Who is the highest paid Government official?

11 Alive did a search to find out who are the highest paid government employee in the state. Their results are the same as the Deadspin article from a little while ago. It is Mark Richt. Though, for what it’s worth, Steve Spurrier still makes more.

However, they went a bit further. They looked at the highest paid elected officials as well as looking at other State and County officials. It’s an interesting story, and even more interesting data. There are a few qualifications to the data, though it still makes for an interesting read.

Do we really need to ask why Georgia perpetually finishes near the bottom when it comes to education?

11 comments

  1. Dave Bearse says:

    Old news. The highest paid government officials in over 40 states are college basketball or football coaches.

    • Charlie says:

      That’s not the focus on the story, which 11Alive also points out in their piece that the big coach’s salaries are paid by private funds and not taxpayers.

      The highest paid non-coach in Georgia is a GSU professor of marketing at a cool $1M. But he also brings in over $400K to GSU from one corporate consulting class alone. So again, it isn’t all really taxpayers money.

      The vast majority of the top 100 are in the university system. The package that they did in the 11pm slot (not the embed above) also compared Alvin Willbanks of Gwinnett Public Schools against the Super of NYC schools. He makes roughly twice the salary with 1/6th the students.

  2. saltycracker says:

    The high paid teacher’s pension fund administrators is a long running example.
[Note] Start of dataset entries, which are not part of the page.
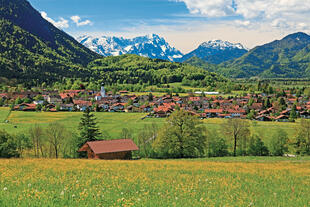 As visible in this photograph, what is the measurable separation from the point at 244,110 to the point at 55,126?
4822 inches

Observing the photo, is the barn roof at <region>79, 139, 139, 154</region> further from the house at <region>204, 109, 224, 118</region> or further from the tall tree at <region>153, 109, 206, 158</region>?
the house at <region>204, 109, 224, 118</region>

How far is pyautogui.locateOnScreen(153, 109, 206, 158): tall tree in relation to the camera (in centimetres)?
5766

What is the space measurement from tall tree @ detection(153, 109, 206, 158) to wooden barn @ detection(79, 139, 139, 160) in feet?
32.3

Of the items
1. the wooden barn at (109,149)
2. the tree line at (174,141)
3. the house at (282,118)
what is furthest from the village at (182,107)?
the wooden barn at (109,149)

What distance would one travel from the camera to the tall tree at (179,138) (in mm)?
57656

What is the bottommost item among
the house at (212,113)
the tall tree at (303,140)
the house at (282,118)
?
the house at (282,118)

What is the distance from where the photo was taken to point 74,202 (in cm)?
1005

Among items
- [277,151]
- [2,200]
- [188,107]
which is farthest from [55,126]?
[188,107]

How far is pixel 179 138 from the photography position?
58594 mm

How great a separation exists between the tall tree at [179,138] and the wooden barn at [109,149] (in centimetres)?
985

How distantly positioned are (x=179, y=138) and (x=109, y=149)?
17212mm

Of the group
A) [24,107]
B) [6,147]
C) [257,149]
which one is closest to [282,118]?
[257,149]

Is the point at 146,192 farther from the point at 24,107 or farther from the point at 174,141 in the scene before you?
the point at 24,107

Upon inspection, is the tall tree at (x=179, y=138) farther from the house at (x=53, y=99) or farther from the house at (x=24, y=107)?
the house at (x=53, y=99) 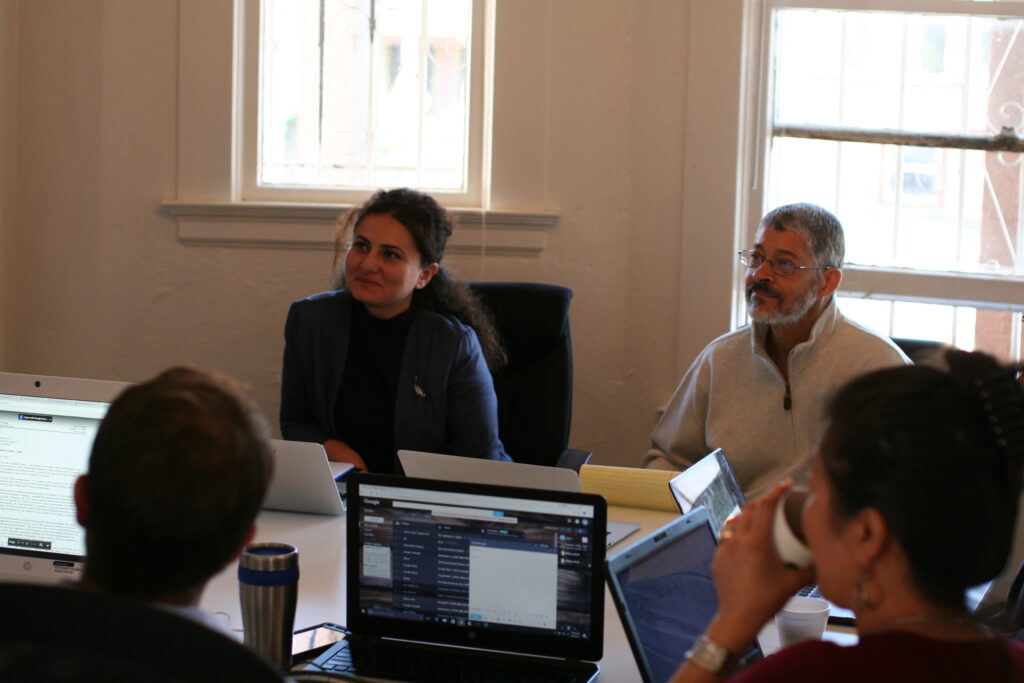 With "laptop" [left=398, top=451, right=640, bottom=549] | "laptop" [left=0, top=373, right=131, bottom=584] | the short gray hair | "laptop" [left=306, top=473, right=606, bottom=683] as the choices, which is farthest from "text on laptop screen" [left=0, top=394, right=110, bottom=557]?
the short gray hair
The could not retire 3 a few years ago as the check for unused vacation/sick days was higher than funds available.

    The excuse that they pay so high on this group was the expertise to manage so much money but what they really do is hire companies to manage the money…..another subject for investigation.
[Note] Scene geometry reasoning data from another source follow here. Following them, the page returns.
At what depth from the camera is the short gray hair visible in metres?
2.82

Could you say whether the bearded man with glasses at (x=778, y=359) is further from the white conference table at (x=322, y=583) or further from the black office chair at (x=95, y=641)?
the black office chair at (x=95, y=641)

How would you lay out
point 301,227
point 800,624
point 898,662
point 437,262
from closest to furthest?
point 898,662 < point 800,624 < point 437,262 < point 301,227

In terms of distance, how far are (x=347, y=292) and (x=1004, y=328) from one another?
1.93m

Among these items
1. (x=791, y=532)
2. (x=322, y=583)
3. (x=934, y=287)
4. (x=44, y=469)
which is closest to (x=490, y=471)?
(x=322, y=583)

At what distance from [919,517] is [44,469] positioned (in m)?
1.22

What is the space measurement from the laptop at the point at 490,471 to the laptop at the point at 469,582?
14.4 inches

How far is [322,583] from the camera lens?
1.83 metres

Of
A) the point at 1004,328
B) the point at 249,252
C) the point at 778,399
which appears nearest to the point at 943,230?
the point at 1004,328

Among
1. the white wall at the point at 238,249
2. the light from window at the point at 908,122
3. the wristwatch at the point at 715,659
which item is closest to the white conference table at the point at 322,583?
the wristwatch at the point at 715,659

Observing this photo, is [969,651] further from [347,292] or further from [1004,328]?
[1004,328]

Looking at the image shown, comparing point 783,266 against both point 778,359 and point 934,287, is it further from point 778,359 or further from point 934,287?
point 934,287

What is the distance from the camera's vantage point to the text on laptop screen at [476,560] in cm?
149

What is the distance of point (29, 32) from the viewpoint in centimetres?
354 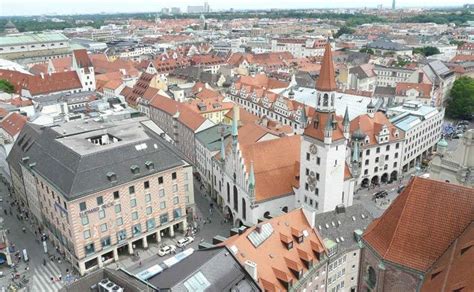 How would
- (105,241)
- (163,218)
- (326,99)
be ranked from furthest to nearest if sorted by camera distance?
(163,218), (105,241), (326,99)

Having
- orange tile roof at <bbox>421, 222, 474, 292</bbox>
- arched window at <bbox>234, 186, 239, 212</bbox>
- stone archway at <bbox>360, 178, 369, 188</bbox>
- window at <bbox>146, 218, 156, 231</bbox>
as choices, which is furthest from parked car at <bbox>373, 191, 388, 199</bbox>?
orange tile roof at <bbox>421, 222, 474, 292</bbox>

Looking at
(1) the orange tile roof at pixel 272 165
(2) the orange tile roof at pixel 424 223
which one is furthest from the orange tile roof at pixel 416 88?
(2) the orange tile roof at pixel 424 223

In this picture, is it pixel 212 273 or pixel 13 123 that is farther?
pixel 13 123

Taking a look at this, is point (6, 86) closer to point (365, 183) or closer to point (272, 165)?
point (272, 165)

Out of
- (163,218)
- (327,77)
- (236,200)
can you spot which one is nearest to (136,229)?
(163,218)

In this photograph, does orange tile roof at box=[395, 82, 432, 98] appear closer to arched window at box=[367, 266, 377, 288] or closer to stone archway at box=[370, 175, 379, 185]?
stone archway at box=[370, 175, 379, 185]

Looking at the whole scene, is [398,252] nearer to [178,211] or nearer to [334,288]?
[334,288] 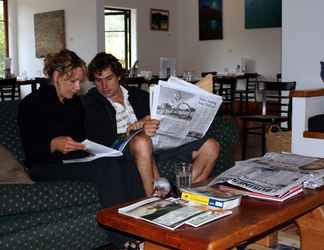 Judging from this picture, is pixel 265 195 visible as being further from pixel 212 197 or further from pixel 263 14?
pixel 263 14

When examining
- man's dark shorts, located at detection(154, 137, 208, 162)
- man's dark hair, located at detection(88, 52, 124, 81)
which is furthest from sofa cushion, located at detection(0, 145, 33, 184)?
man's dark shorts, located at detection(154, 137, 208, 162)

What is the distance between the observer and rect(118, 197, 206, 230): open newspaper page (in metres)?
1.47

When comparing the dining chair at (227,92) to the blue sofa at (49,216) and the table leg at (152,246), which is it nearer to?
the blue sofa at (49,216)

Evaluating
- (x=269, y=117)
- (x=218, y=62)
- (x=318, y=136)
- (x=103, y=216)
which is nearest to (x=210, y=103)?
(x=103, y=216)

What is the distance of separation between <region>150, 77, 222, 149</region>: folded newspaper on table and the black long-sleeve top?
0.45 meters

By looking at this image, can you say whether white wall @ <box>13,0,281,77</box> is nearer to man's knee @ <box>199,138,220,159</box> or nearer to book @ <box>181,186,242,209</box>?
man's knee @ <box>199,138,220,159</box>

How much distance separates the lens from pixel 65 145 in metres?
2.27

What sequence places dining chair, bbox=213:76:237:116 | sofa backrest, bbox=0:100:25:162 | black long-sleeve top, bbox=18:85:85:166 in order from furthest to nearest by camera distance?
dining chair, bbox=213:76:237:116
sofa backrest, bbox=0:100:25:162
black long-sleeve top, bbox=18:85:85:166

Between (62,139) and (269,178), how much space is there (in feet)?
3.28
    What is more worrisome than the high salaries while working is the incredible amount of money paid post work. A $250,000 annual pension would require a reserve of $6.25 million (4%) on retirement not counting any COL raises & other benefits. More and more of the funds for education will have to go to after work costs.
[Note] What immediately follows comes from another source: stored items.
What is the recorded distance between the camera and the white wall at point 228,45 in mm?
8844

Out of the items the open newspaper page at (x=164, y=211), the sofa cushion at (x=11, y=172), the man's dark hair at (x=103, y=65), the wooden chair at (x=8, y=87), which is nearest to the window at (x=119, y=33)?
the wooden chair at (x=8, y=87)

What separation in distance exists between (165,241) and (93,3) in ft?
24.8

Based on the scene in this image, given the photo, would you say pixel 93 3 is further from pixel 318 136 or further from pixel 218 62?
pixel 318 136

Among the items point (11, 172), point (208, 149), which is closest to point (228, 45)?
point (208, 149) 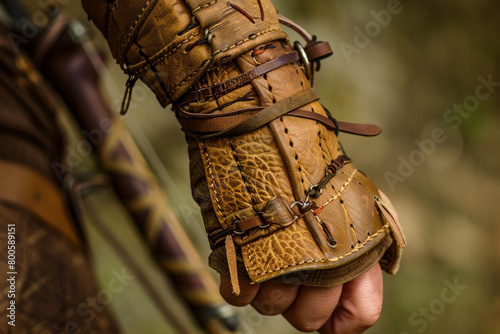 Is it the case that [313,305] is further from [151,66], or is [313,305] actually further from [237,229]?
[151,66]

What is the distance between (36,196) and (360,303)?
58cm

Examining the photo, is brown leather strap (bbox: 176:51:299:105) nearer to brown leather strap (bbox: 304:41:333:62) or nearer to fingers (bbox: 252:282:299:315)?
brown leather strap (bbox: 304:41:333:62)

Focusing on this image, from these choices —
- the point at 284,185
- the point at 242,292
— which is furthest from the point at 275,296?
the point at 284,185

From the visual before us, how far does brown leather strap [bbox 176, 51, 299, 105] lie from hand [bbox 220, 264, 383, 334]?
24 cm

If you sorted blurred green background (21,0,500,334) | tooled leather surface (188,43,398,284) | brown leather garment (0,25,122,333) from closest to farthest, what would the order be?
tooled leather surface (188,43,398,284), brown leather garment (0,25,122,333), blurred green background (21,0,500,334)

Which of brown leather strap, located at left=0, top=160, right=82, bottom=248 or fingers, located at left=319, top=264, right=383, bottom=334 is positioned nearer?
fingers, located at left=319, top=264, right=383, bottom=334

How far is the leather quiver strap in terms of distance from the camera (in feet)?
1.82

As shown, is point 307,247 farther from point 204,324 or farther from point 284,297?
point 204,324

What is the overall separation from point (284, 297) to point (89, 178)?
73cm

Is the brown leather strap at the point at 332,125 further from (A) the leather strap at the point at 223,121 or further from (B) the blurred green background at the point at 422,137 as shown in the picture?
(B) the blurred green background at the point at 422,137

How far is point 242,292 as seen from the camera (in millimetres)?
602

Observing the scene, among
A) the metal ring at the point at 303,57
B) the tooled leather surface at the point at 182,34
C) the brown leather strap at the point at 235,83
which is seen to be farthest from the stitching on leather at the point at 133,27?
the metal ring at the point at 303,57

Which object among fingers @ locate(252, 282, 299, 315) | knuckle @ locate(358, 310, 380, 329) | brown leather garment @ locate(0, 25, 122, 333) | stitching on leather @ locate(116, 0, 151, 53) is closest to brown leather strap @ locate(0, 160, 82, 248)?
brown leather garment @ locate(0, 25, 122, 333)

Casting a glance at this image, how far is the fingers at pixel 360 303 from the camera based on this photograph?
0.61 meters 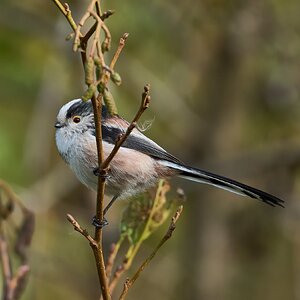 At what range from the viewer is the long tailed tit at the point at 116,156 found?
254cm

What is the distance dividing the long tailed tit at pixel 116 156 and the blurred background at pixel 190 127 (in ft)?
6.29

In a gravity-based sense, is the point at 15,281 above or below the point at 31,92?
below

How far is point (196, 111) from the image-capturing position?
5.82 meters

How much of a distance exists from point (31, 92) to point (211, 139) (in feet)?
4.43

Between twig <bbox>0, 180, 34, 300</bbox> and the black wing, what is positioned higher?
the black wing

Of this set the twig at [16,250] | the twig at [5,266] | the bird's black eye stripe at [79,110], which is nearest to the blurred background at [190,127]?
the bird's black eye stripe at [79,110]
    Run those numbers on every public worker making over $100k, apply real world anticipated return of conservative investments of 5 or 6% (public agencies use 7.5 to 8%, taxpayer guaranteed today – I’ll take some of that !), add in medical coverage, early retirement, double dipping and get braced.

    • lively64 says:

      Teachers contribute a mandatory 5% of their gross monthly pay toward pension costs. This fee covers 33% of the pension costs. The remaining 66+% of costs are covered by the local school board. Very few state tax dollars are used to pay teacher pensions. It is your local property owner who is footing the bill.

      At 33% Georgia teachers pay one of the highest percentages of costs for their pensions compared to teachers in other states especially those that are unionized. Also, at 10 years Georgia’s teacher pension plan has one of the longest vestment periods.

  3. MattMD says:

    Wow, still, Richt gets paid a lot of money to make Citrus Bowls. Can’t spell Citrus without U…, oh wait, I guess you can.